(Web page caption snippets)

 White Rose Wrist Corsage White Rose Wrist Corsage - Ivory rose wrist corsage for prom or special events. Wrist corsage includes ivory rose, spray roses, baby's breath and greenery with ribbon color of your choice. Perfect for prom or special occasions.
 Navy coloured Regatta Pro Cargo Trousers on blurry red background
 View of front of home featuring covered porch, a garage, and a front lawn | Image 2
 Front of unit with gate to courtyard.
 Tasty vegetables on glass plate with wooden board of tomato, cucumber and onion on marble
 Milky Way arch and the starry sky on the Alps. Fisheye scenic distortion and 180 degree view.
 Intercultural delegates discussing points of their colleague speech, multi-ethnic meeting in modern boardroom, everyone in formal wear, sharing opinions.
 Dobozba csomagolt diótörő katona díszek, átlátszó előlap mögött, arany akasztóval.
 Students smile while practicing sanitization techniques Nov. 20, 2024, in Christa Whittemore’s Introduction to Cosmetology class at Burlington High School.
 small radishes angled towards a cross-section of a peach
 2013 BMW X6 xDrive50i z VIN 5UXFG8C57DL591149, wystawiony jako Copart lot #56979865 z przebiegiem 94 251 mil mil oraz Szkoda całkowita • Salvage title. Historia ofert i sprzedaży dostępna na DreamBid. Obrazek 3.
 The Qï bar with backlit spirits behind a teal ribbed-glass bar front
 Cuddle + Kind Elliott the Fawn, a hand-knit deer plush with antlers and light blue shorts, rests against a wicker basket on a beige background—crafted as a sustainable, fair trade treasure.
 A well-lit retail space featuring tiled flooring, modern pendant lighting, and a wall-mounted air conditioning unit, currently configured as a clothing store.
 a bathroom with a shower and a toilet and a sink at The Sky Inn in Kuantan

What you will do: Retype the records that precede this task, keeping them exactly the same.

Task answer:
 White Rose Wrist Corsage White Rose Wrist Corsage - Ivory rose wrist corsage for prom or special events. Wrist corsage includes ivory rose, spray roses, baby's breath and greenery with ribbon color of your choice. Perfect for prom or special occasions.
 Navy coloured Regatta Pro Cargo Trousers on blurry red background
 View of front of home featuring covered porch, a garage, and a front lawn | Image 2
 Front of unit with gate to courtyard.
 Tasty vegetables on glass plate with wooden board of tomato, cucumber and onion on marble
 Milky Way arch and the starry sky on the Alps. Fisheye scenic distortion and 180 degree view.
 Intercultural delegates discussing points of their colleague speech, multi-ethnic meeting in modern boardroom, everyone in formal wear, sharing opinions.
 Dobozba csomagolt diótörő katona díszek, átlátszó előlap mögött, arany akasztóval.
 Students smile while practicing sanitization techniques Nov. 20, 2024, in Christa Whittemore’s Introduction to Cosmetology class at Burlington High School.
 small radishes angled towards a cross-section of a peach
 2013 BMW X6 xDrive50i z VIN 5UXFG8C57DL591149, wystawiony jako Copart lot #56979865 z przebiegiem 94 251 mil mil oraz Szkoda całkowita • Salvage title. Historia ofert i sprzedaży dostępna na DreamBid. Obrazek 3.
 The Qï bar with backlit spirits behind a teal ribbed-glass bar front
 Cuddle + Kind Elliott the Fawn, a hand-knit deer plush with antlers and light blue shorts, rests against a wicker basket on a beige background—crafted as a sustainable, fair trade treasure.
 A well-lit retail space featuring tiled flooring, modern pendant lighting, and a wall-mounted air conditioning unit, currently configured as a clothing store.
 a bathroom with a shower and a toilet and a sink at The Sky Inn in Kuantan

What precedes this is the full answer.